__DESCRIPTION OF THE TASK__:
The answer is to be an exact copy of the lines below running from the line with "imag. movi.], [Rep." down to the line with "2Seleccione el grupo", both ends included, and nothing more.

__EXTRACTED MATERIAL__:
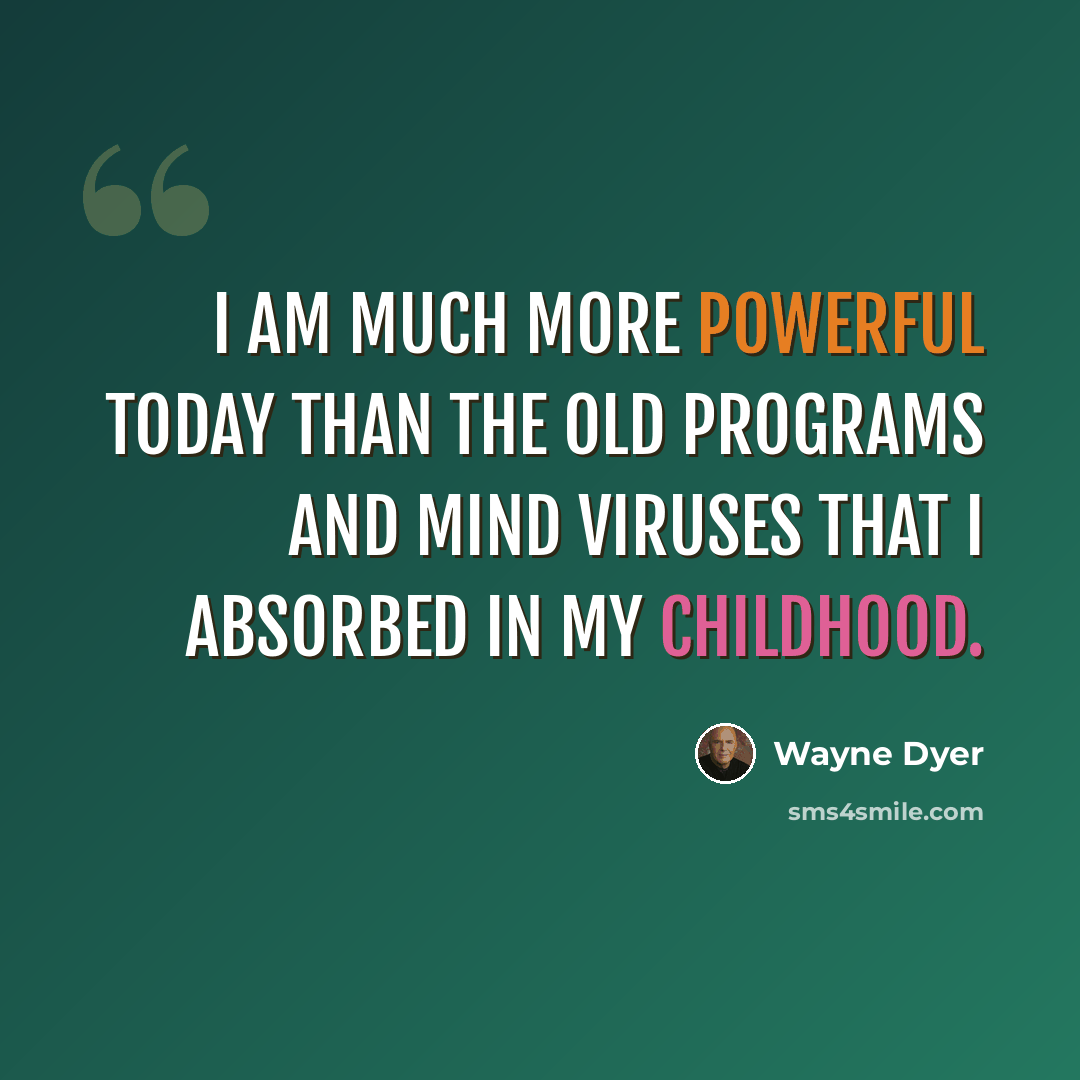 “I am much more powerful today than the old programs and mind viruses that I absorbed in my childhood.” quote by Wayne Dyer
--
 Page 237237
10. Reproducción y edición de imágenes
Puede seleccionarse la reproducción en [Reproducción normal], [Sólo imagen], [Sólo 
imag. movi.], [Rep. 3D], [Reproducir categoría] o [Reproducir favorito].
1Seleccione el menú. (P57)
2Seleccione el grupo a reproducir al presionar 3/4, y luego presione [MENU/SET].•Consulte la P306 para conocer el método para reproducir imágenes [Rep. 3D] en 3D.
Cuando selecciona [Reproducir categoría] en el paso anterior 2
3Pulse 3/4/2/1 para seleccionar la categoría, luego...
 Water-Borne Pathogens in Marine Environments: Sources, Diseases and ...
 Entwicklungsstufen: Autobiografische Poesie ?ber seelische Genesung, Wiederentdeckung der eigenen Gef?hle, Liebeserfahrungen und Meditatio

__TASK OUTPUT__:
imag. movi.], [Rep. 3D], [Reproducir categoría] o [Reproducir favorito].
1Seleccione el menú. (P57)
2Seleccione el grupo a reproducir al presionar 3/4, y luego presione [MENU/SET].•Consulte la P306 para conocer el método para reproducir imágenes [Rep. 3D] en 3D.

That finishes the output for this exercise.